A Letter from the General Minister to Pittsburgh Presbytery
A Place at the Table, Part Four
July 21, 2016
This week we conclude our series on “A Place at the Table” that emerged from last month’s General Assembly. We have considered how our leadership table is being enlarged, the challenge of broadening our membership table, and the missionary call to bring others to the Lord’s table. Finally, we need to ask ourselves – are we really up for this?
Our natural inclination is to gravitate to the company of people like us. I’m told that there is a “Steeler Nation” bar in every major city in the country, as well as a number of cities abroad. We love to be with people who share our deepest commitments, whether it be sports teams, hobbies, politics, economics, or theology. We feel vindicated when everyone around us shares our own preferences and convictions.
In order to assure that our table feels as comfortable as possible, we create rules – whether official or unspoken – to minimize conflict in the inner sanctums of our most cherished institutions. Troublesome reporters, not to mention counter-demonstrators, are barred from some political rallies. People who violate unwritten dress codes may as well never approach the narthex, let alone enter the sanctuary of some churches. Clubs and fraternal organizations control membership by establishing particular social, demographic, and economic hurdles. We feel best about ourselves and our society when we surround ourselves with people who look, think, and act like we do.
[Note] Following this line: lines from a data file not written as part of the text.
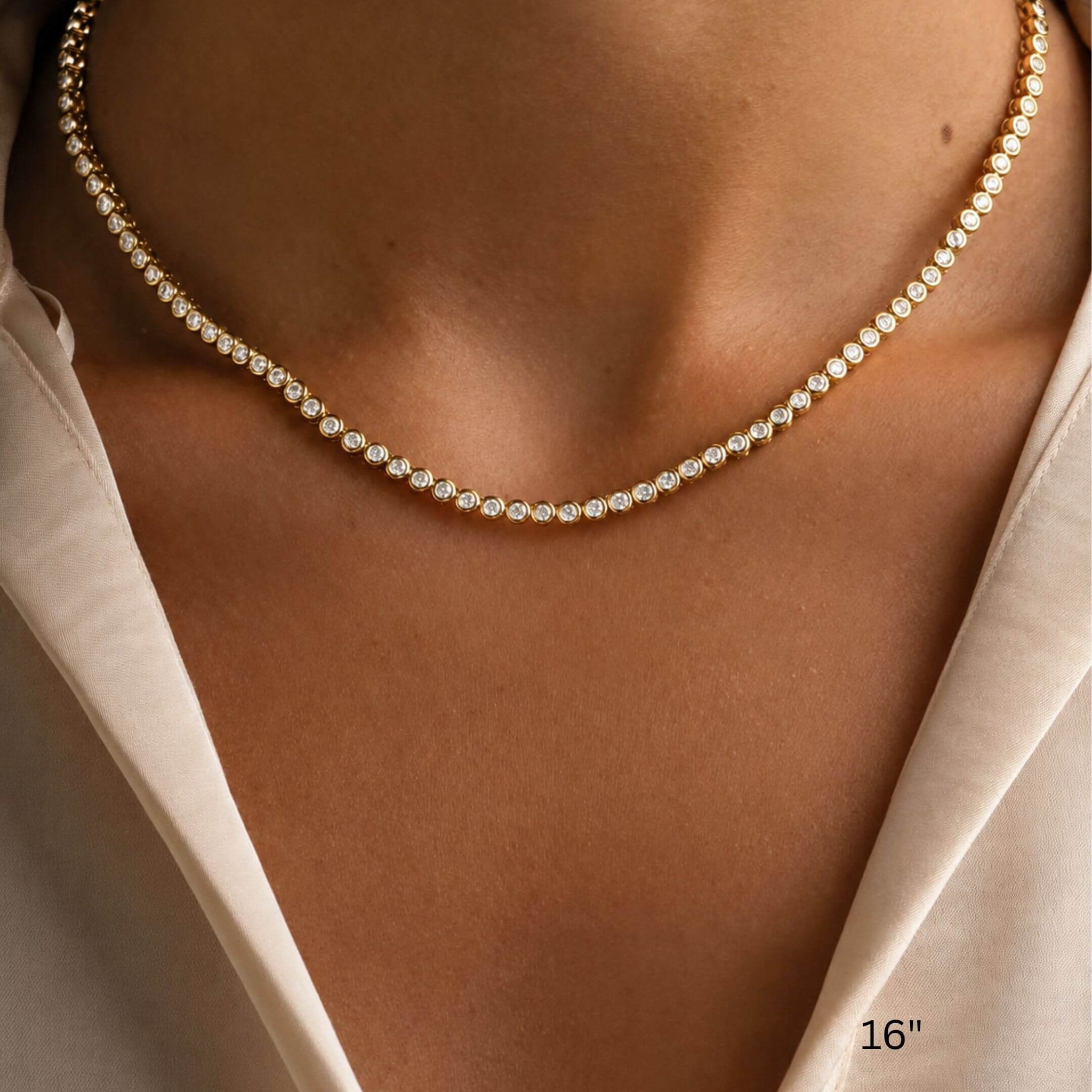 3 mm wide moissanite bezel tennis necklace worn at the neckline.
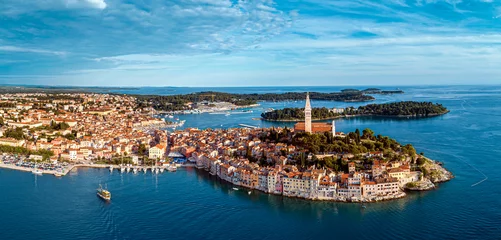 Fotobehang Beautiful Rovinj - aerial view panorama taken by a professional drone from above the sea. The old town of Rovinj, Istria, Croatia © concept w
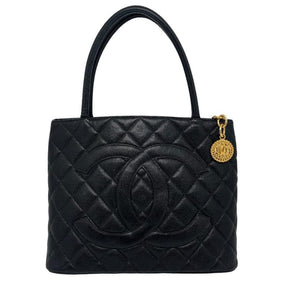 Chanel Caviar Medallion Tote, Quilted Leather Exterior, Gold Tone Hardware, Rolled Handles, Chain Link Accents, Single Exterior Pocket, Leather Lining, Dual Interior Pockets, Zip Closure at Top, Condition: Excellent
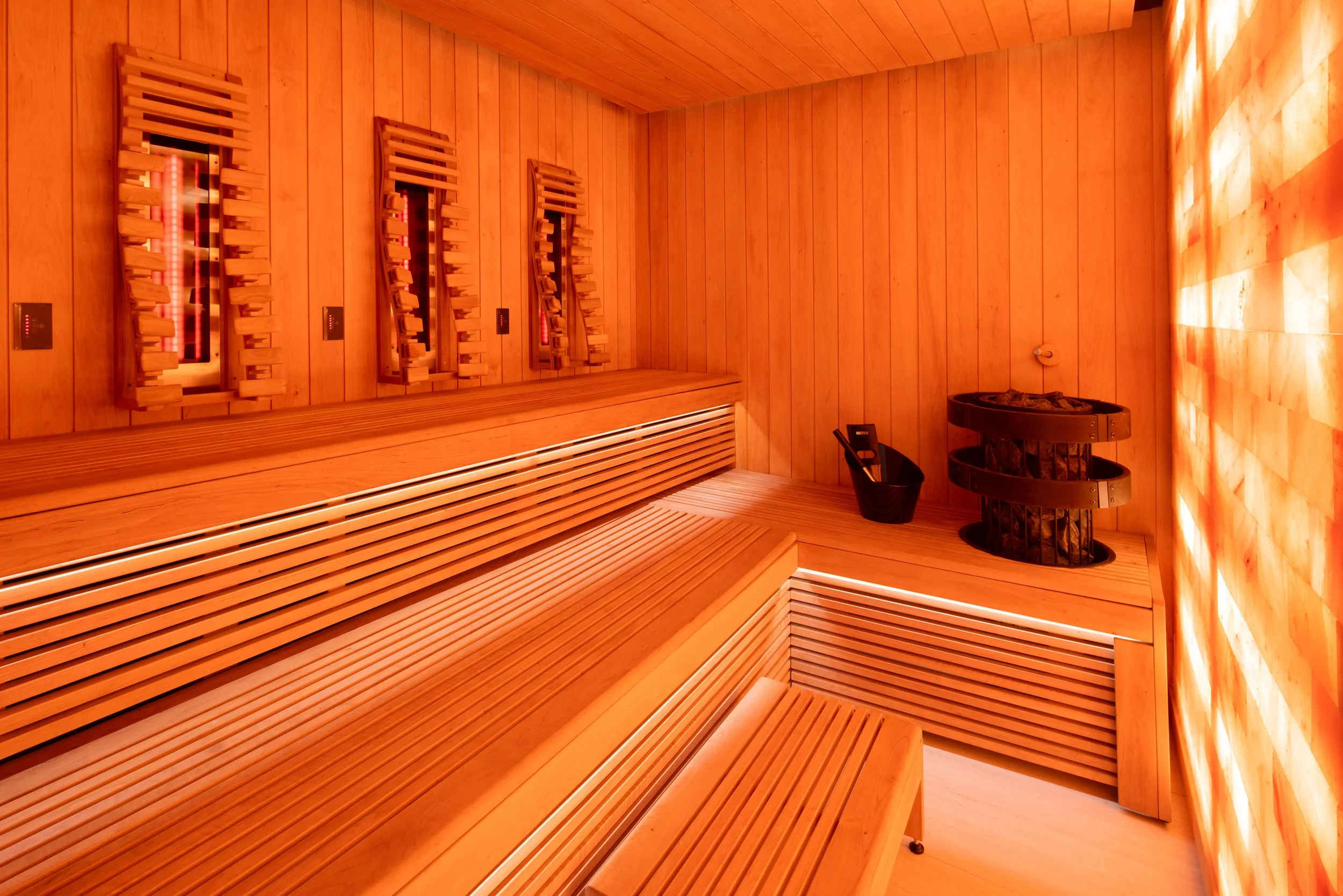 A wooden sauna room with benches, sauna controls, a bucket, and a heater with stones inside.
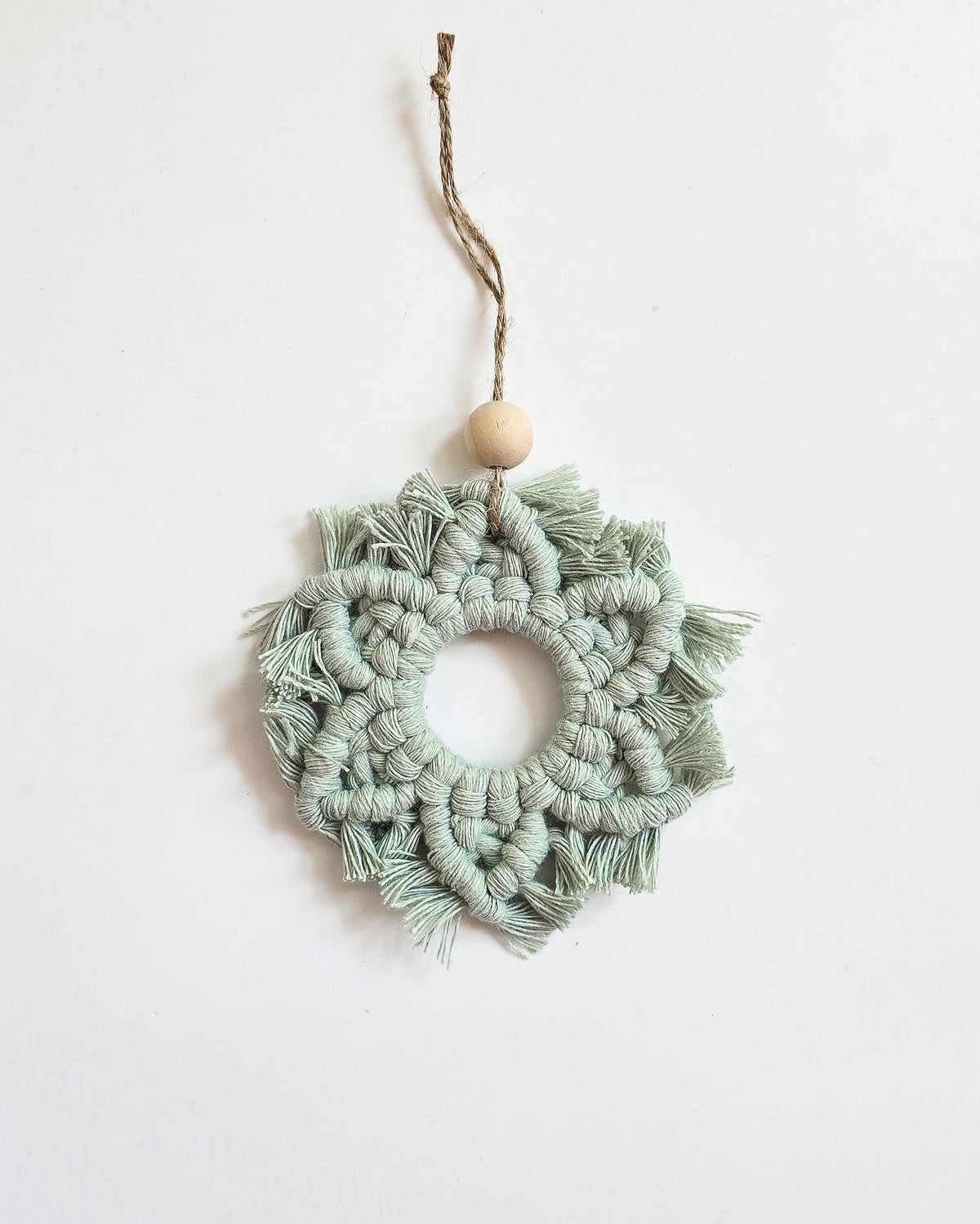 Light green macrame snowflake ornament with knotted pattern and fringed edges, hanging from twine with a single wooden bead at the top.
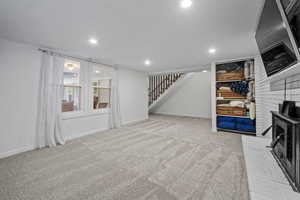Below grade area featuring carpet flooring, stairs, and recessed lighting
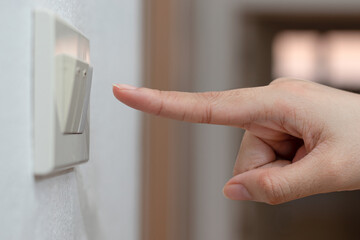 The hand of a woman pressing the light switch on the white wall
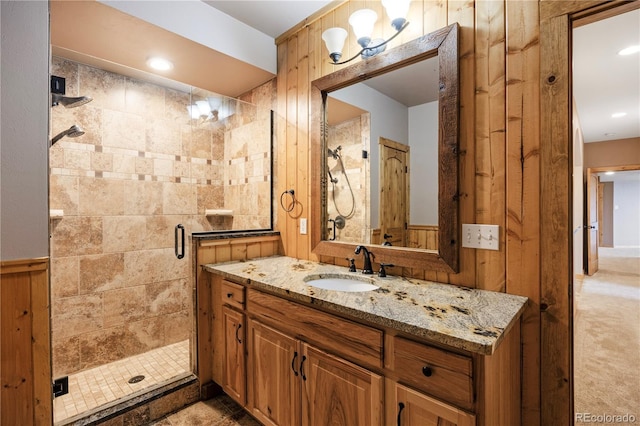bathroom with vanity and a shower stall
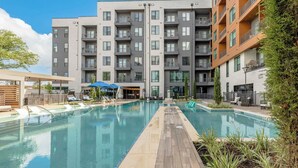 Un hotel moderno con piscina central, varios balcones y un área exterior bien cuidada con sillones y sombrillas.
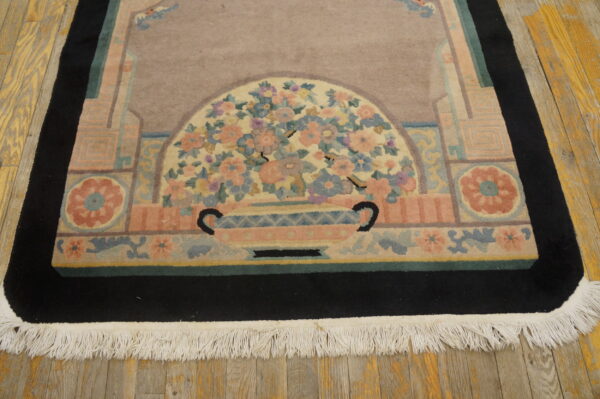Dusty rose rug with a stylized floral vase design, black border, and visible white fringe on wood planks.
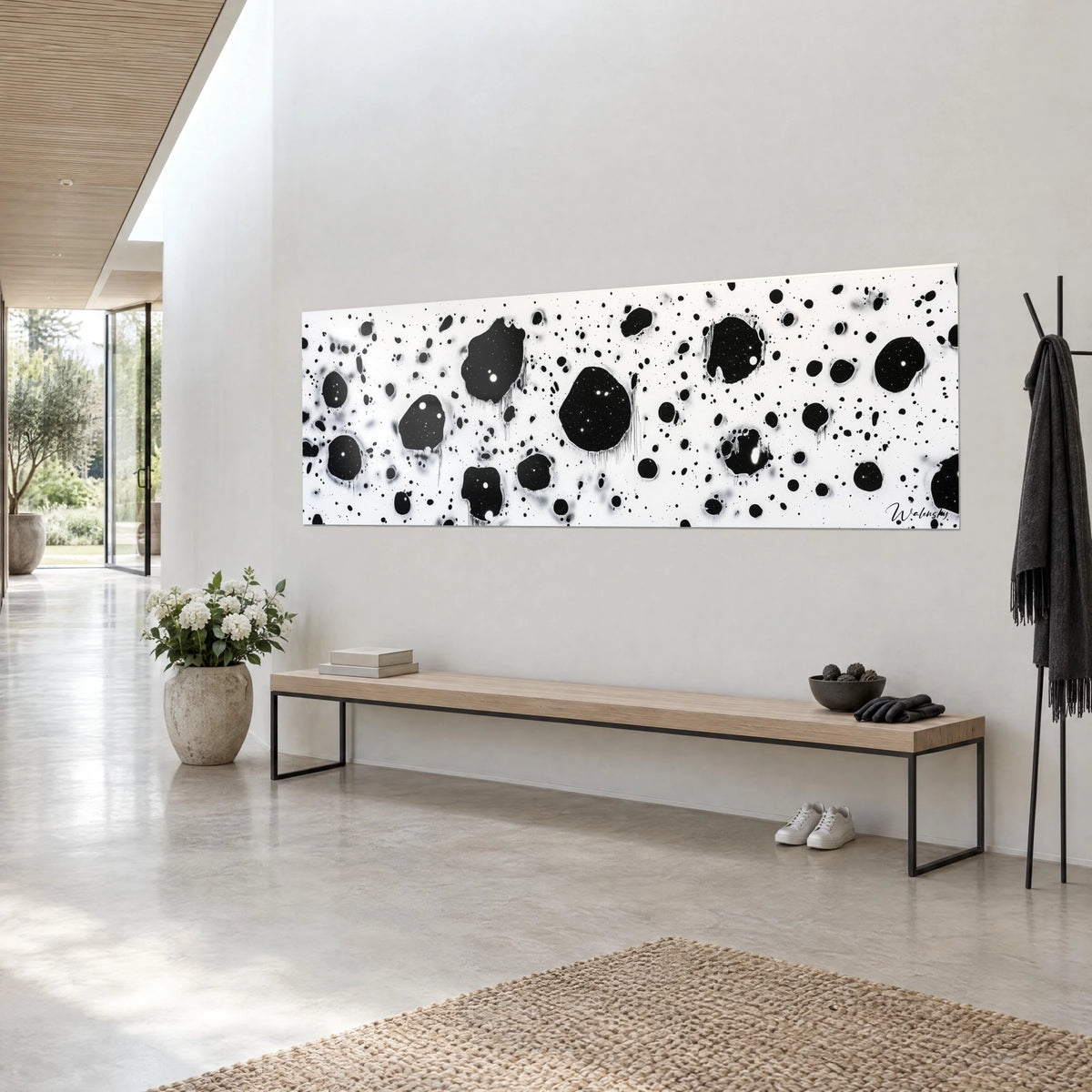 Cuadro panorámico de manchas negras moteadas sobre blanco brillante, visto de tres cuartos, en un salón claro con acabado de hormigón pulido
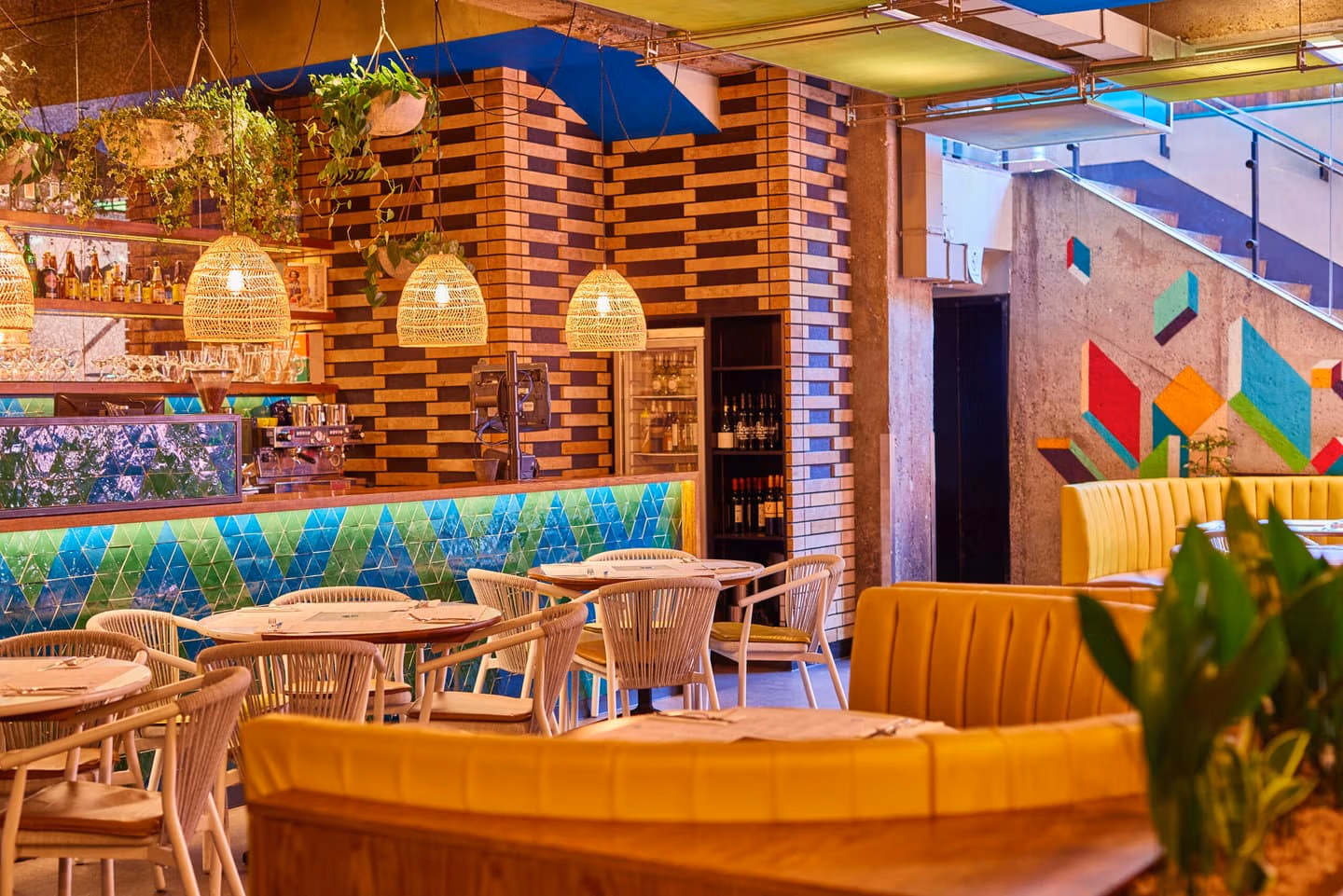 Warm inviting seating at Wahaca Covent garden with large booths and smaller tables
To broaden the table is to open ourselves to struggle. Sitting beside people who think or look or act differently from us makes us uncomfortable at first, which all too easily leads us to become defensive and argumentative. Why risk such discomfort and trouble? Why deny ourselves the peace and pleasure of restricting our table to those who are like us?
“Jesus” is the answer, of course. He refused to honor the table boundaries of his world, touching all manner of people considered “unclean,” socializing with sinners and Pharisees and Samaritans alike, welcoming children and women to sit at his feet as disciples (unthinkable in his culture), assuring criminals of heaven’s mercy, and the list goes on. Of course, the thanks he earned was getting himself killed.
When Jesus proclaimed that the kingdom of heaven is drawing near, he tore down not only money-changer tables and temple curtain-barriers, but every political and religious system that is defined and maintained by separating who’s “in” from who’s “out.” He reminded the people of his place and time of the wideness of God’s mercy, a wideness that had been there all along, but had been forgotten and eventually denied by those who ought of all people to know better.
The early Christian church believed that every member of the body is needed for the health of the whole. It discovered that God gives the church everything it needs to be a true signpost to the kingdom of heaven, by gifting the church with a full panoply of members with differing abilities, pedigrees, styles, and priorities. This is the work of God’s Spirit. We align ourselves with God’s work when we welcome fully at the table all those who place their hope and trust in Jesus.
While this teaching about the variety of spiritual gifts is present from Acts to Revelation, it is most fully developed in the books of Romans and Corinthians. Perhaps it is no coincidence that the churches in Rome and Corinth were noteworthy for both their vitality and their struggles – the vast variety of people that God brought together in those churches may well have been the source of both their great spiritual power and their human divisiveness alike.
When we open our church table to be as wide as our Lord’s Table, we open ourselves to a journey that is sure to be bumpy. We will jostle one another. We will disagree. We will have differing priorities. Genuine unfettered welcome is the hard way. But it is the necessary way, if we seek to exhibit the kingdom of heaven in how we live together on earth. It is how we put our feet to our prayer, “Thy kingdom come, thy will be done on earth as it is in heaven.”
Imagine the church as a true signpost of the kingdom in which people stream from all points on the geographical and demographic map to sit together at the Lord’s Table. (Luke 13:29) Imagine! In the wonderful translation of J.B. Phillips, Paul declares that “The whole creation is on tiptoe to see the wonderful sight of the children of God coming into their own.” (Romans 8:19) To put it another way, the world yearns for us to be true to the kingdom of God that we proclaim. Are we up to it?